Rodeó una amplia curva, miró al cielo, y escudó su linterna, parpadeando. Había luces delante: suaves luces de gas amarillas. La ciudad parecía una cesta de chispas esparcidas por la pendiente, todas descansando juntas excepto unas cuantas separadas en el valle.

Aunque conocía varias ciudades, aún le parecía sorprendente lo mucho que trabajaban sus habitantes después de la oscuridad. Decidió continuar hacia Montaña esta misma noche: tal vez podría tener noticias de Serpiente antes de la mañana. Se arrebujó en su túnica para protegerse del frío nocturno.

A pesar suyo, Arevin se quedó adormilado, y no se despertó hasta que los cascos de su caballo golpearon el empedrado. No había actividad aquí, así que continuó cabalgando hasta que alcanzó el centro de la ciudad con sus tabernas y otros lugares de entretenimiento. Esta zona era casi tan brillante como el día, y la gente actuaba como si nunca fuera a llegar la noche. A través de la puerta de una taberna vio a un grupo de trabajadores que cantaban con los brazos sobre los hombros, la contralto desafinando ligeramente. La taberna estaba adosada a una posada, así que detuvo su caballo y desmontó. El consejo de Thad de que pidiera información en las posadas parecía bueno, aunque hasta el momento ninguno de los propietarios con los que había hablado poseía información que darle.

Entró en la taberna. Los trabajadores seguían cantando, perdiendo el compás, o lo que quiera que la flautista del rincón estuviera intentando construir. La mujer depositó el instrumento sobre su rodilla, alzó una jarra de licor y bebió. Cerveza, pensó Arevin. El agradable olor de la levadura inundaba la taberna.
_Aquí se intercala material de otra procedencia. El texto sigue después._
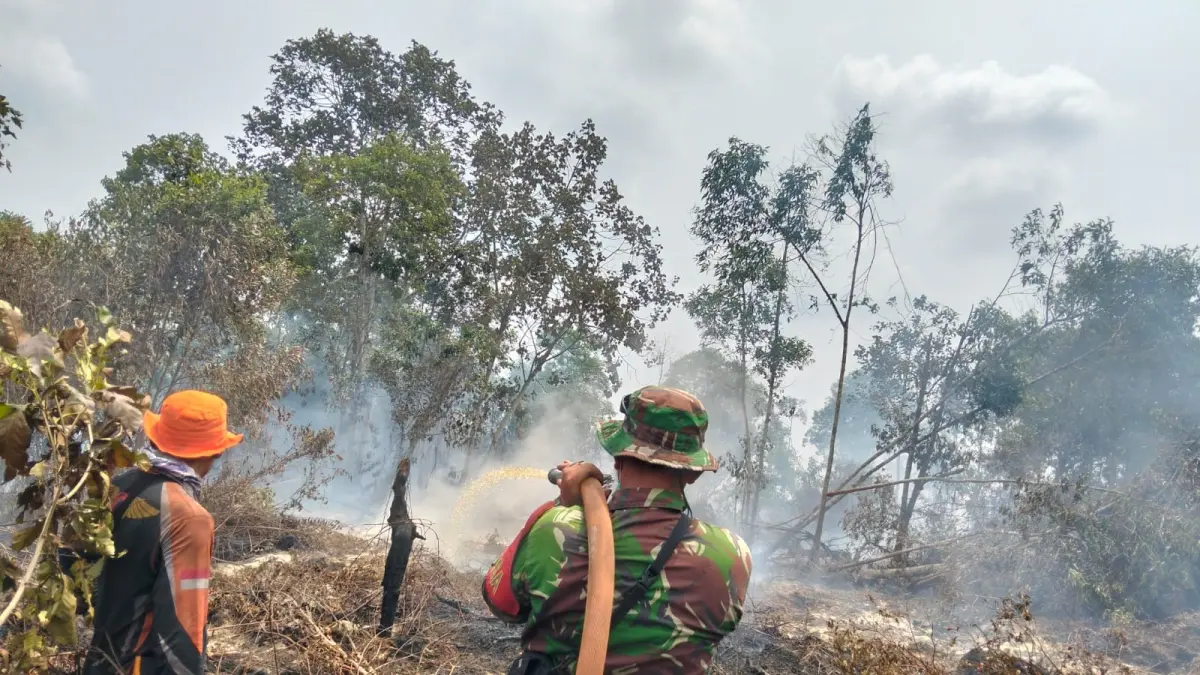 Tim gabungan berjibaku memadamkan api yang membakar lahan di Kabupaten Indragiri Hilir, Jumat (14/8/2026).  *2/Riau Pos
Los trabajadores entonaron otra canción, pero la contralto cerró la boca de repente y miró a Arevin. Uno de los hombres la imitó. La canción murió poco a poco a medida que los demás seguían su mirada. La melodía de la flauta se extinguió. La atención de todos los presentes en la habitación quedó centrada en Arevin.

—Os saludo —dijo el muchacho formalmente—. Me gustaría hablar con el propietario, si es posible.

Ninguno se movió. Entonces la contralto se puso bruscamente en pie y derribó su taburete.

—Veré… veré si puedo encontrarla. —Y desapareció tras una cortina.

Nadie habló, ni siquiera el encargado de la barra. Arevin no supo qué decir. No creía que estuviera tan sucio y polvoriento como para provocar tanta sorpresa y, desde luego, en una ciudad de comerciantes como ésta la gente debería estar acostumbrada a su forma de vestir. Todo lo que pudo hacer fue devolverles la mirada y esperar. Tal vez reemprenderían sus cánticos, o beberían sus cervezas, o le preguntarían si tenía sed.

Pero no hicieron nada. Arevin esperó.

Se sentía un poco ridículo. Dio un paso hacia adelante en un intento de romper la tensión actuando como si todo fuera normal. Pero en cuanto se movió, todos los presentes parecieron contener la respiración y apartarse de él. La tensión de la sala no era la típica de la gente que inspecciona a un extraño, sino la de los antagonistas que esperan a un enemigo. Alguien le susurró algo a otra persona que tenía al lado; las palabras eran inaudibles, pero el tono parecía insultante.